The Candlemas story is also about sacrifices. It puts us in the midst of the Jerusalem Temple, the place where all Jewish sacrifices were to take place, and which we should imagine not as a serene place for meditation but a vibrant and perhaps confronting center of human and animal activity, full of bleating and cooing, fire and smoke, prayers less likely whispered than shouted while trumpets blared out and crowds milled around.

This is where the “two stories” bit comes in. Mary and Joseph are depicted as fulfilling two quite different biblical commands to sacrifice. The Book Leviticus (ch. 12) prescribes that forty days after childbirth (in the case of a male child) a woman is to bring two sacrifices, usually translated as “burnt offering” and “sin offering.” This was the offering of the two pigeons referred to in the Gospel, a pigeon rather than a lamb prescribed when those making the sacrifice were poor.

But Luke’s Gospel also refers to a quite different requirement, found in Exodus (34:19-20) and elsewhere, about the idea of redeeming the first-born. This law stated that every first-born human or animal belonged to God, and that this dedication must be taken literally; in the case of animals, via the sacrifice of the first-born whose meat became an offering to support the priests, and in the case of humans, by being bought back by their families for five shekels (Num 3:45-47).

From these two different requirements, Mary’s sacrifice and the demand for the firstborn, stem also the two more formal names for the feast - the Purification of the Blessed Virgin Mary and the Presentation of Our Lord in the Temple. As to the “purification," the offering of the pigeons is mentioned. Absent any mention of the five shekels, for the “presentation” part we tend to focus on the story of Simeon and Anna, the two aged holy ones who celebrate not just Jesus’ existence but in particular his presence in the Temple. No more specific mention of that redemption is made here in the Gospel however; Luke may be intending to suggest that Jesus is not bought back at all, but simply brought to the place he belongs, and welcomed by these two holy ones who are God’s representatives.

This idea, of Jesus brought home not redeemed, reads well with the next story in Luke chapter 2, where Jesus' parents again bring him to the Temple and, well, lose him. You may recall the punchline Jesus offers his anxious mother after that quest is ended: ‘Why were you searching for me? Did you not know that I must be in my Father’s house?’ So Jesus has come to his own place, just as Christians have long read the text of Malachi that we heard read (3:1-4), “the Lord whom you seek will suddenly come to his temple."

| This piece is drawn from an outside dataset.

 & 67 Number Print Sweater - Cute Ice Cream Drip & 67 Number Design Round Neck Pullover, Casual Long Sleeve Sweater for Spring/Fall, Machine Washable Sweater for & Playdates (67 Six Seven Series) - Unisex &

Nevertheless the prominence of the Temple and of sacrifices in this narrative sits somewhere on a line between embarrassment and obscurity, perhaps. Why does a woman’s harrowing but joyful experience of childbirth require sacrificial offerings anyway? And why would a first-born human or animal require redemption, or worse actual sacrifice as in the practice of some other ancient Near Eastern peoples?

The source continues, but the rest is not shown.